Consider the ODE system $$ x' = -y, \qquad y' = x $$ with initial condition $$ x(0) = 1, \qquad y(0) = 0 $$ The exact solution is $$ x(t) = \cos(t), \qquad y(t) = \sin(t) $$ This solution is periodic. It also has a quadratic invariant $$ x^2(t) + y^2(t) = 1, \qquad \forall t $$

In [1]:
import numpy as np
from matplotlib import pyplot as plt

Forward Euler scheme

In [2]:
def ForwardEuler(h,T):
    N = int(T/h)
    x,y = np.zeros(N),np.zeros(N)
    x[0] = 1.0
    y[0] = 0.0
    for n in range(1,N):
        x[n] = x[n-1] - h*y[n-1]
        y[n] = y[n-1] + h*x[n-1]
    return x,y
In [3]:
h = 0.02
T = 4.0*np.pi
x,y = ForwardEuler(h,T)

plt.plot(x,y)
plt.axes().set_aspect('equal')

The phase space trajectory is spiralling outward.

Backward Euler scheme

$$ x_n = x_{n-1} - h y_n, \qquad y_n = y_{n-1} + h x_n $$

Eliminate $y_n$ from first equation to get $$ x_n = \frac{x_{n-1} - h y_{n-1}}{1 + h^2} $$

In [4]:
def BackwardEuler(h,T):
    N = int(T/h)
    x,y = np.zeros(N),np.zeros(N)
    x[0] = 1.0
    y[0] = 0.0
    for n in range(1,N):
        x[n] = (x[n-1] - h*y[n-1])/(1.0 + h**2)
        y[n] = y[n-1] + h*x[n]
    return x,y
In [5]:
h = 0.02
T = 4.0*np.pi
x,y = BackwardEuler(h,T)

plt.plot(x,y)
plt.axes().set_aspect('equal')

The phase space trajectory is spiralling inward.

Trapezoidal scheme

$$ x_n = x_{n-1} - \frac{h}{2}(y_{n-1} + y_n), \qquad y_n = y_{n-1} + \frac{h}{2}(x_{n-1} + x_n) $$

Eliminate $y_n$ from first equation $$ x_n = \frac{ (1-\frac{1}{4}h^2) x_{n-1} - h y_{n-1} }{1 + \frac{1}{4}h^2} $$

In [6]:
def Trapezoid(h,T):
    N = int(T/h)
    x,y = np.zeros(N),np.zeros(N)
    x[0] = 1.0
    y[0] = 0.0
    for n in range(1,N):
        x[n] = ((1.0-0.25*h**2)*x[n-1] - h*y[n-1])/(1.0 + 0.25*h**2)
        y[n] = y[n-1] + 0.5*h*(x[n-1] + x[n])
    return x,y
In [7]:
h = 0.02
T = 4.0*np.pi
x,y = Trapezoid(h,T)

plt.plot(x,y)
plt.axes().set_aspect('equal')

The phase space trajectory is exactly the unit circle.

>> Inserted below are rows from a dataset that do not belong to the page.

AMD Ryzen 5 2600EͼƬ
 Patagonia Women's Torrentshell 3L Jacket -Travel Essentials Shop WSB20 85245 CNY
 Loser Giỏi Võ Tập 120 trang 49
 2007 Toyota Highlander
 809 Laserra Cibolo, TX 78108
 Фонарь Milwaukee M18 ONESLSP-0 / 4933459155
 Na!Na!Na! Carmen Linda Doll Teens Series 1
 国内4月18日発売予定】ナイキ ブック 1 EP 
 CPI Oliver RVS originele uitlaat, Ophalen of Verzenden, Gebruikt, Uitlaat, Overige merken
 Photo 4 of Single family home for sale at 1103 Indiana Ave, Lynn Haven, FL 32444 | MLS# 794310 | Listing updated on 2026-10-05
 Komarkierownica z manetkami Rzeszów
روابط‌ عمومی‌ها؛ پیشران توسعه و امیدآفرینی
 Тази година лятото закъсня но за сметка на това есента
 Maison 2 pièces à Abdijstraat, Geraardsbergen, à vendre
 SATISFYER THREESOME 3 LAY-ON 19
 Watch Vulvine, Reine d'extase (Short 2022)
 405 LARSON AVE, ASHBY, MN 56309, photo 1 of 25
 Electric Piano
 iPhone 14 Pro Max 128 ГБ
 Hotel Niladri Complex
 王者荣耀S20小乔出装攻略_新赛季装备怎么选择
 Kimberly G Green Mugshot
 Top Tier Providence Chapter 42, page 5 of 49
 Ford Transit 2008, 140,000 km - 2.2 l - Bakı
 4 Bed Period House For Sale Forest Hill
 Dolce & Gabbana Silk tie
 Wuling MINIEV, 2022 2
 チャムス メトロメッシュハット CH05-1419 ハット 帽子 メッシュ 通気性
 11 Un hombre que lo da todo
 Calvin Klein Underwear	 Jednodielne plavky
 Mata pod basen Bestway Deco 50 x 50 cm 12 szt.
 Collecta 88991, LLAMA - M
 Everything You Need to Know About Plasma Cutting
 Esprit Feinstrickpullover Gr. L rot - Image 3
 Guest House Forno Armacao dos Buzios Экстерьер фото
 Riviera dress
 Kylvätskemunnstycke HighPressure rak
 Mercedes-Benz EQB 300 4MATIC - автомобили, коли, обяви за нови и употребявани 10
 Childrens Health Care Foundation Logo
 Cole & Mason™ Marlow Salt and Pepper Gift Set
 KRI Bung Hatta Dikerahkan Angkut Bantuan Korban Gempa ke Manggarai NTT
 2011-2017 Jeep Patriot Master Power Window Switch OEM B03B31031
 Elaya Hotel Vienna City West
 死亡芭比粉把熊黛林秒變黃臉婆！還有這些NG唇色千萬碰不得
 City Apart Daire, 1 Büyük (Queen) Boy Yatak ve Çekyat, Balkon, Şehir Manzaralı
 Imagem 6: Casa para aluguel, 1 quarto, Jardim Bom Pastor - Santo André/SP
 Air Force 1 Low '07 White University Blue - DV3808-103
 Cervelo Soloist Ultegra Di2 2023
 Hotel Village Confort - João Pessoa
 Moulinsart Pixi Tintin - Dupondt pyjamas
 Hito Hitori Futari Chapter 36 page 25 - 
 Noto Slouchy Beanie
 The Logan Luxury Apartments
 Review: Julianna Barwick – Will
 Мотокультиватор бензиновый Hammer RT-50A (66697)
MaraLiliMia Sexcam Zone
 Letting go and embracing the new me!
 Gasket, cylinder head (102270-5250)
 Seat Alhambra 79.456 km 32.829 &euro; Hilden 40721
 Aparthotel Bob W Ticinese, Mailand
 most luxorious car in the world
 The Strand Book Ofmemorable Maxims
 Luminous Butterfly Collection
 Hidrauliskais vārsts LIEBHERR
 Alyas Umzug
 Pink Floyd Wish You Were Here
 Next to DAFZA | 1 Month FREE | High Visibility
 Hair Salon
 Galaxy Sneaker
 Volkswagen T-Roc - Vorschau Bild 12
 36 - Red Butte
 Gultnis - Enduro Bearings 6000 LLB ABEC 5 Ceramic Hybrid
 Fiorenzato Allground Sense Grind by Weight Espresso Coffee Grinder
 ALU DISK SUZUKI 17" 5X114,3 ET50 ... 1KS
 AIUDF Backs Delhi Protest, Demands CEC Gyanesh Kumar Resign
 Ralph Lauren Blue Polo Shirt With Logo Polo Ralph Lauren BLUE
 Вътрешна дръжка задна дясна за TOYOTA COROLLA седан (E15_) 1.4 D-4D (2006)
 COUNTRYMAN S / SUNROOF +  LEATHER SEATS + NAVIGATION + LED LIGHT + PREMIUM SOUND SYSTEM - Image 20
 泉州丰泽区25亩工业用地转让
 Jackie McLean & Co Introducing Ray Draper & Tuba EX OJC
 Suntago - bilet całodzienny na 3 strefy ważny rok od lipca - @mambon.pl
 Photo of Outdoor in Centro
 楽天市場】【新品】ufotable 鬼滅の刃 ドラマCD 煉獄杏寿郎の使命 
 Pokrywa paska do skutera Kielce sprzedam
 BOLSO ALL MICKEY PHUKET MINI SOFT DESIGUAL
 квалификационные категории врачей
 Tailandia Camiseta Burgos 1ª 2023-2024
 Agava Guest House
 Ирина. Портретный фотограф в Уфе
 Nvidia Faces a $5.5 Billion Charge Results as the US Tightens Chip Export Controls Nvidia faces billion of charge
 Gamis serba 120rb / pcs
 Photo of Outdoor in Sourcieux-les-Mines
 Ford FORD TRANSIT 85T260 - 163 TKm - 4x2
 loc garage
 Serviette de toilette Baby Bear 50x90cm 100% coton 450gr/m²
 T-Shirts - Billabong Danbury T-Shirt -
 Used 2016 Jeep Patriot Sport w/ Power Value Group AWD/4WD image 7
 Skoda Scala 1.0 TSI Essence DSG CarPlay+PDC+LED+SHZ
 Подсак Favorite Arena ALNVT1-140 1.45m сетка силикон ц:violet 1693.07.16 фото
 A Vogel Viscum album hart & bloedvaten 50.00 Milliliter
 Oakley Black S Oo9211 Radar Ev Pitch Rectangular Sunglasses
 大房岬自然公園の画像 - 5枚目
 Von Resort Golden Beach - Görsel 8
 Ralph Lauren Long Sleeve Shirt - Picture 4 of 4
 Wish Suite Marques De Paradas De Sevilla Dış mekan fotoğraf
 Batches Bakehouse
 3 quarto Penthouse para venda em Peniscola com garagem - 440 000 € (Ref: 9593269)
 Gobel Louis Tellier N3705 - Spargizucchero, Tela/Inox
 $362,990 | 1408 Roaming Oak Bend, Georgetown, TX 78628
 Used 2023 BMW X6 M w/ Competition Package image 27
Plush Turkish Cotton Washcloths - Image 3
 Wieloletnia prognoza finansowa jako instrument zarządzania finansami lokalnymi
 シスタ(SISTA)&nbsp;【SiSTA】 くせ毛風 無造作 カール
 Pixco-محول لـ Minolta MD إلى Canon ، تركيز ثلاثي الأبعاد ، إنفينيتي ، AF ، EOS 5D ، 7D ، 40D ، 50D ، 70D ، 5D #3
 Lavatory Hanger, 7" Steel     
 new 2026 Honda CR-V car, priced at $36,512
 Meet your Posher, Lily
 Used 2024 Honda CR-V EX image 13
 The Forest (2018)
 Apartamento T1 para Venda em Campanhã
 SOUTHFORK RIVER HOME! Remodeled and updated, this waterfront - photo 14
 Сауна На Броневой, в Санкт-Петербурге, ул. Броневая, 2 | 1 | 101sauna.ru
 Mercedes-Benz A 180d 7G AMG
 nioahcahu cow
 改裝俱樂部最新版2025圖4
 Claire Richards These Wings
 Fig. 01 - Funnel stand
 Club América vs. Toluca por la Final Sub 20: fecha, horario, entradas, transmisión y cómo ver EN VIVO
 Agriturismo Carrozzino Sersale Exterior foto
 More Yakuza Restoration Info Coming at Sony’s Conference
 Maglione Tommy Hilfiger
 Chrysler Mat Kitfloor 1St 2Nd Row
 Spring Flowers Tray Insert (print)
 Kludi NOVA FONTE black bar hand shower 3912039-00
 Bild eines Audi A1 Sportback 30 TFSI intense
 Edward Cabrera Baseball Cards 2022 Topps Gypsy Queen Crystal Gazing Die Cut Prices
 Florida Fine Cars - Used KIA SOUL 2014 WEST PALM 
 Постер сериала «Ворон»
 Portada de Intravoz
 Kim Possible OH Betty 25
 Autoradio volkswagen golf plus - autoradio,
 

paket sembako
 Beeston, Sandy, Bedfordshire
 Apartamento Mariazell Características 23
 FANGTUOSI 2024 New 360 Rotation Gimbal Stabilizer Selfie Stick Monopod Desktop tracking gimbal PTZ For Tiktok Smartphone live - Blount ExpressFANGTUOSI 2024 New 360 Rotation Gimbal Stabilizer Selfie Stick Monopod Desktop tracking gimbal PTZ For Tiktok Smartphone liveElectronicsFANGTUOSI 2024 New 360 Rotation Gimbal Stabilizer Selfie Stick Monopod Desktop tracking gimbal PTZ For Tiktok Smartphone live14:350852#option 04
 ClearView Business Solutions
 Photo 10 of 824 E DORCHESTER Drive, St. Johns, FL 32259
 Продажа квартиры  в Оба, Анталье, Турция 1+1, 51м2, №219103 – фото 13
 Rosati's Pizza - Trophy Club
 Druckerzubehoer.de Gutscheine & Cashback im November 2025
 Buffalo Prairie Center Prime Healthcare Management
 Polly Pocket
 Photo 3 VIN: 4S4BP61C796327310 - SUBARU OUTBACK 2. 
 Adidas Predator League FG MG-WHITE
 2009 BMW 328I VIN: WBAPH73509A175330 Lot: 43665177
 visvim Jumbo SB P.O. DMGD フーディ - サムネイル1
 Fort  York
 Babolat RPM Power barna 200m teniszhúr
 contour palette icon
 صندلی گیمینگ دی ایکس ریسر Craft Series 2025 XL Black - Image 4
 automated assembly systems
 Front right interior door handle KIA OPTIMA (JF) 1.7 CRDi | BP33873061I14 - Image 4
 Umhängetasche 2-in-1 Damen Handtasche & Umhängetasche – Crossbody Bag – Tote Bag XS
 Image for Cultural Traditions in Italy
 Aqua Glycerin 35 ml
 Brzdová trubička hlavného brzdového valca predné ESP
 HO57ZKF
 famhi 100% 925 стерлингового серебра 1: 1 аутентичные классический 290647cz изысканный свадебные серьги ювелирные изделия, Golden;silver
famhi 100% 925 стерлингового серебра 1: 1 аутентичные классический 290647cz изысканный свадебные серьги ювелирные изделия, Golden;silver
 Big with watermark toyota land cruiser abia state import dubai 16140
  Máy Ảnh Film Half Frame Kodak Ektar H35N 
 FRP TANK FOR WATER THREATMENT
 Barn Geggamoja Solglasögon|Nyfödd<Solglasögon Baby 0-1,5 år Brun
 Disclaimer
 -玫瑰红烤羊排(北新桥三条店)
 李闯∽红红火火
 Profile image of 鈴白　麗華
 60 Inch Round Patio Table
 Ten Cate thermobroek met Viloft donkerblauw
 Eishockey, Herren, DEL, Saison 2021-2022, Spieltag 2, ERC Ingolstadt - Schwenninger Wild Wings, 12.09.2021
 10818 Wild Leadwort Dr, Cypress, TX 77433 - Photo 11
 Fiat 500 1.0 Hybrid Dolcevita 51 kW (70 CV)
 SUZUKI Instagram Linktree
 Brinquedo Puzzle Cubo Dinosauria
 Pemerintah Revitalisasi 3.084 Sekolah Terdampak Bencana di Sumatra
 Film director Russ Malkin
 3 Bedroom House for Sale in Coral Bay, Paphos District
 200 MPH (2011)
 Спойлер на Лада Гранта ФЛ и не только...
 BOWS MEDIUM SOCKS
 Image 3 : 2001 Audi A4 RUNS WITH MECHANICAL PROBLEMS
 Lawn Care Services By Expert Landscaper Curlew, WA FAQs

Multiply first equation by $x_n + x_{n-1}$ and second equation by $y_n + y_{n-1}$ $$ (x_n + x_{n-1})(x_n - x_{n-1}) = - \frac{h}{2}(x_n + x_{n-1})(y_n + y_{n-1}) $$ $$ (y_n + y_{n-1})(y_n - y_{n-1}) = + \frac{h}{2}(x_n + x_{n-1})(y_n + y_{n-1}) $$ Adding the two equations we get $$ x_n^2 + y_n^2 = x_{n-1}^2 + y_{n-1}^2 $$ Thus the Trapezoidal method is able to preserve the invariant.